Когда шторка осталась позади, а струи воды побежали мне за шиворот, пропитывая одежду, я вдруг понял кое-что… Мне Сафо искренне жалко. Она ничем меня не заслужила, такая прекрасная. Снова мокрая, с головы до ног. С серыми сосульками волос и огромными сверкающими глазищами. Ох, и придётся же ей меня потерпеть…
Вода была не дождевой, не холодной, но Сафо снова дрожала и тщетно пыталась прикрыть обнажённое тело.
— Это нападение, Ян, — шепнула она. Вода скользнула по её губам, по шее, по груди и затерялась меж пальцев, которыми она загораживала от меня соски.
— Ты не сопротивляешься…
— А если… сопротивлюсь?
— Не сопротивишься…
Мы вели безграмотный, глупый разговор, как дети, и я касался тела Сафо кончиками пальцев, возможно, она даже путала это с прикосновениями воды.

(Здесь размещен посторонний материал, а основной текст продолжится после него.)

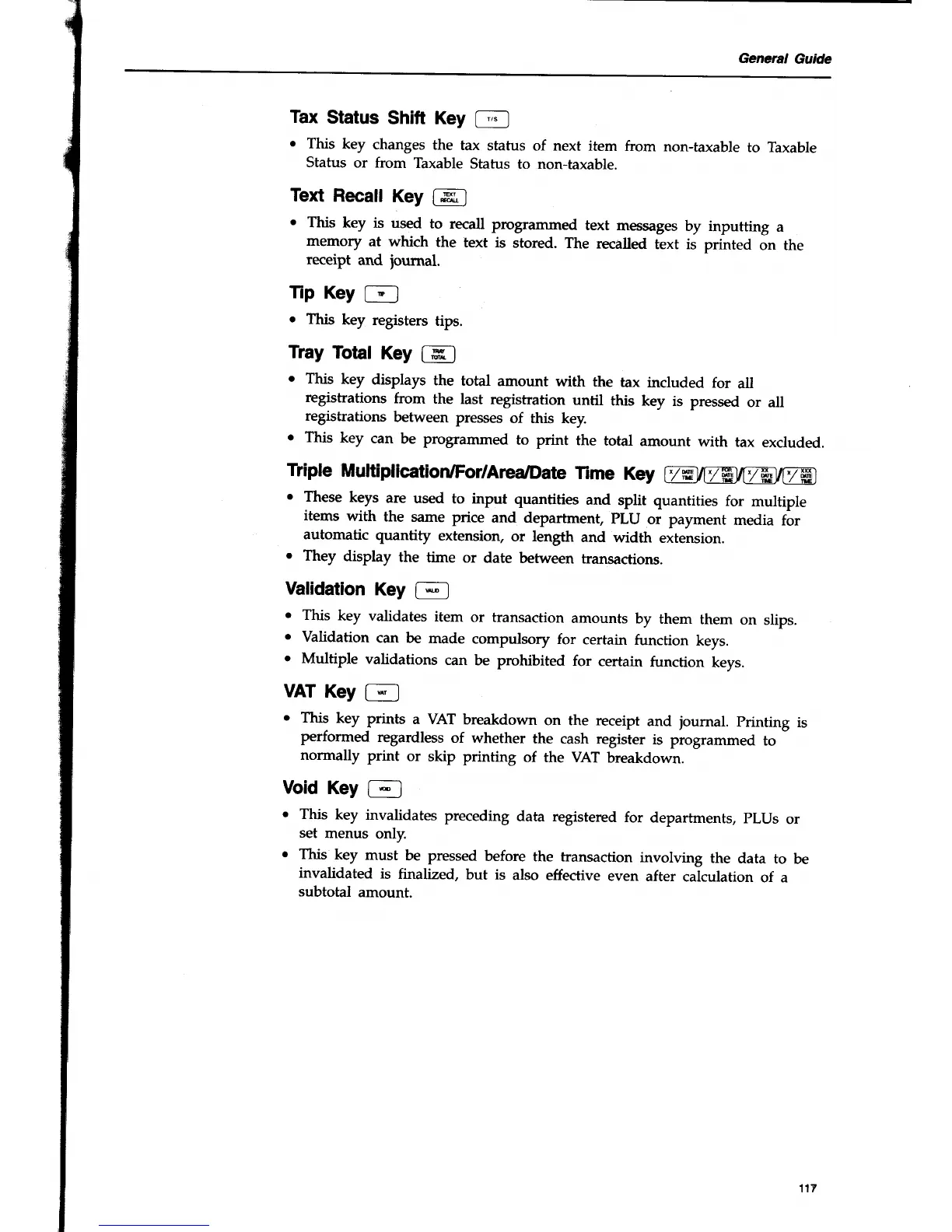 Page #125 background image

— Ты в одежде под душем, — зачем-то сообщила она.
— А ты без одежды, — кивнул я, тронул руки Сафо и она согласилась их убрать.
Опустила голову, будто стеснялась наготы, но меня могла бы и не обманывать, я бы ни за что в это не поверил. Я знал, что она не может себя не любить. И не может себя стесняться. У неё какая-то слишком светлая и влюблённая душа, если можно так о человеке говорить. Она считает себя частью мира в котором всё прекрасно, вот какой я видел девчонку.
Я как будто её уже знал. Мы говорили дольше, чем я мог бы говорить с кем-либо. Ревновал её сильнее, чем кого-либо в своей жизни. В голове гудело, что если я её упущу — она уйдёт в чьи-то чужие руки… и я отдам своё.